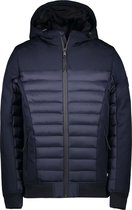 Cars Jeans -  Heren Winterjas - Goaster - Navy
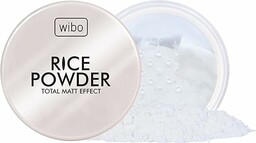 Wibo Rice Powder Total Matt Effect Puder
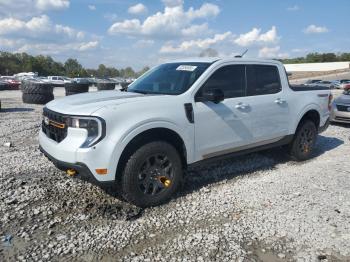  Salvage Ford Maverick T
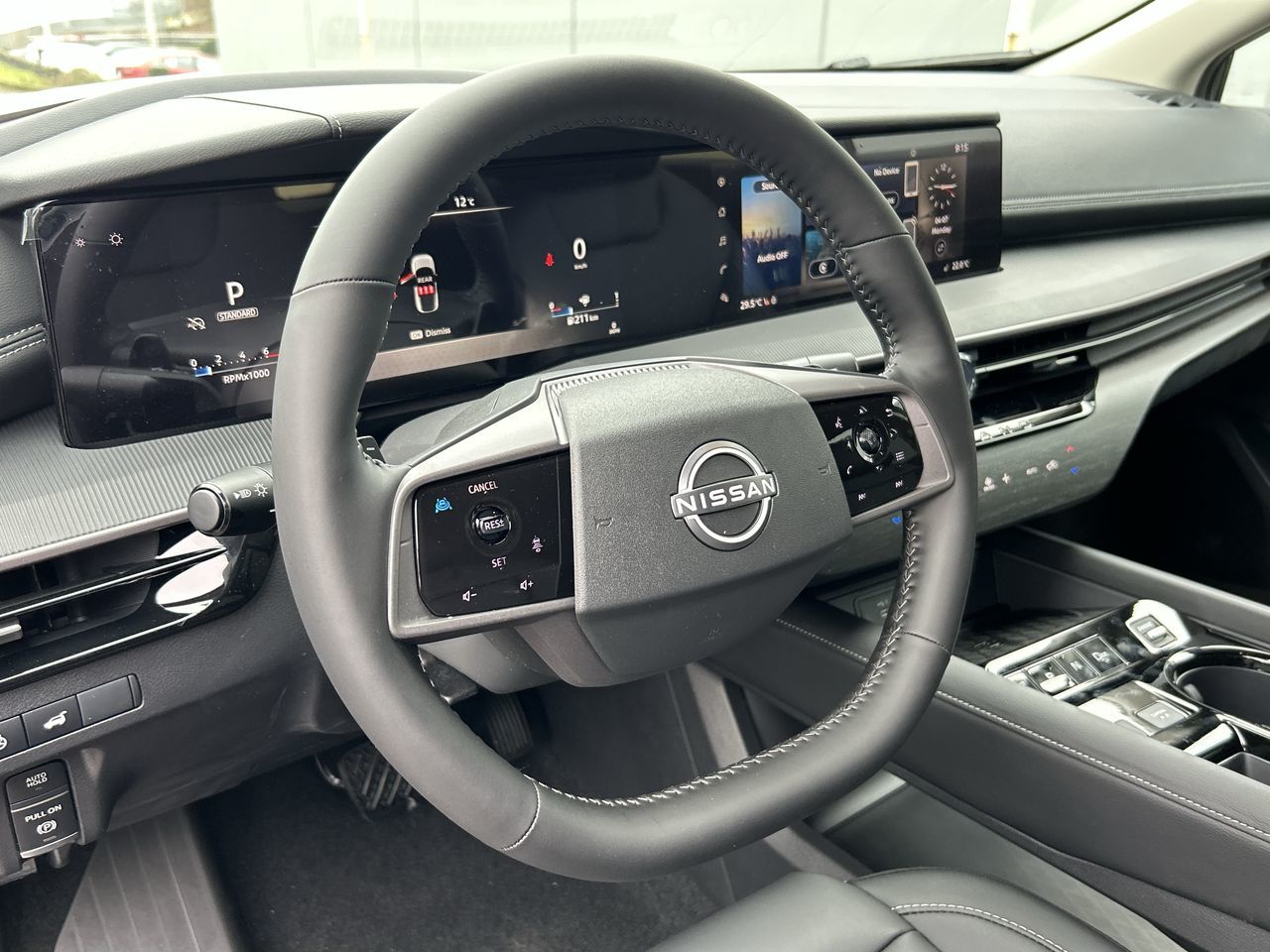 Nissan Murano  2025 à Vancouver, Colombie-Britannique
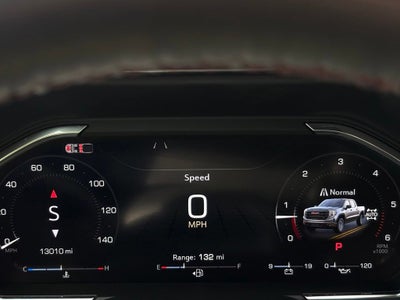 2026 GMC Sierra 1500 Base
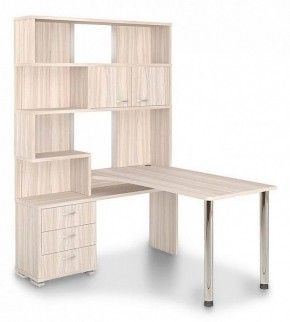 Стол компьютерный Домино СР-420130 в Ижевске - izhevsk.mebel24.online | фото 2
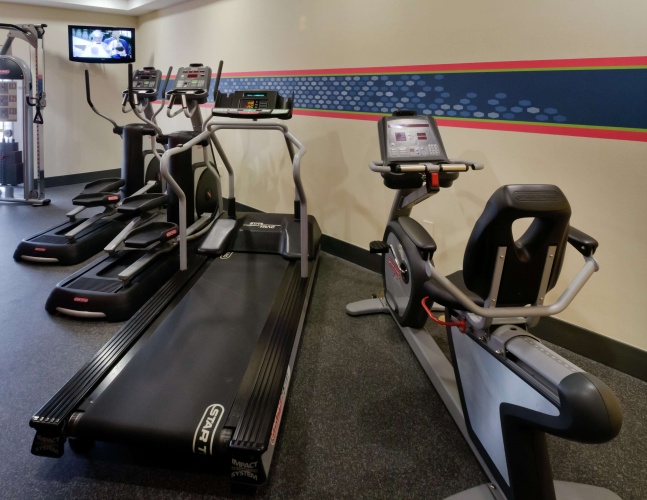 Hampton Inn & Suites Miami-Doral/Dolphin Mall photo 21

» **Task objective**
The records above must be printed exactly; the pictures stay out.

» **Completed exercise**
 Cars Jeans -  Heren Winterjas - Goaster - Navy
 Wibo Rice Powder Total Matt Effect Puder
  Salvage Ford Maverick T
 Nissan Murano  2025 à Vancouver, Colombie-Britannique
 2026 GMC Sierra 1500 Base
 Стол компьютерный Домино СР-420130 в Ижевске - izhevsk.mebel24.online | фото 2
 Hampton Inn & Suites Miami-Doral/Dolphin Mall photo 21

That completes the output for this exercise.